Il biologico sembra vivere un momento di grande attenzione da parte del legislatore italiano con l’avvio al completamento dell’iter legislativo al governo centrale per una legge in materia (vedi news) e per la nuova collaborazione tra CSQA e IGEA Srl per le certificazioni bio nel Mezzogiorno d’Italia.
A breve verrà istituito anche un tavolo tecnico al Mipaaf che comprenderà esperti e tecnici per individuare le criticità del settore. Intanto, sempre il governo ha emanato un bando per la ricerca sul biologico con risorse pari a 4,2 milioni di euro.
CSQA è il principale Organismo di Certificazione in Italia nel settore agricolo e alimentare con oltre 65 prodotti DOP, IGP, STG controllati e decine di migliaia di aziende certificate in ambito volontario. Sul fronte del Biologico, come Organismo di Controllo autorizzato dal MIPAAF con codice IT-BIO-021, si occupa dello sviluppo delle certificazioni relative all’Agricoltura Biologica, intesa sia come produzione primaria sia come trasformazione dei prodotti, nonché dei prodotti no-food che utilizzano ingredienti agricoli biologici e tecniche produttive che seguono i principi dell’agricoltura biologica.
È notizia recente di un nuovo e rinnovato partenariato tra organismi di settore nell’ottica di azioni strategiche condivise.

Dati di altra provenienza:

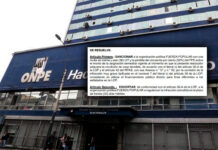 ONPE multa a Fuerza Popular con 198 mil soles por uso indebido de financiamiento público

A tale riguardo, abbiamo interpellato Maurizio Agostino, Responsabile CSQUA, (nella foto) per il Sud Italia: “Siamo una società specializzata nell’agroalimentare da 26 anni, il nostro nucleo storico è nato con il biologico, ci interfacciamo con diversi organismi di certificazioni per le cinque regioni meridionali. Abbiamo ben chiara l’idea di un partenariato strategico e lo portiamo avanti per accorpare le certificazioni nell’agro-alimentate senza fare più distinzioni per il bio. A nostro modo di vedere le cose se una coltura è pronta per la commercializzazione, meglio ancora per la grande distribuzione sarebbe dispersivo e poco pragmatico azionare la macchina dei controlli e delle certificazioni in modo distinto, seguendo in modo alternato una volta l’iter previsto per la coltura in quanto agro-alimentare e l’atro perché bio. Uno spreco di tempo, mezzi e risorse che non fa bene a nessuno. La costituzione di un’unica sede per il Mezzogiorno d’Italia a Vibo Valentia in partnership con IGEA ci consentirà di intraprendere un lavoro di studio e analisi dei territori sempre nell’ottica delle grandi reti aziendali anche in vista dell’individuazione di brand identificativi di questa o quell’area come sta avvenendo nel Metapontino per la fragola”.
Insomma, una progettualità che sicuramente aiuterà il bio a sollevarsi da cordate di nicchia in cui fino ad ora era relegato e che, allo stesso tempo, si prospetta come una grande opportunità per le aziende agricole e agroalimentari. Finalmente, si va verso il marchio biologico italiano per garantire trasparenza e filiera.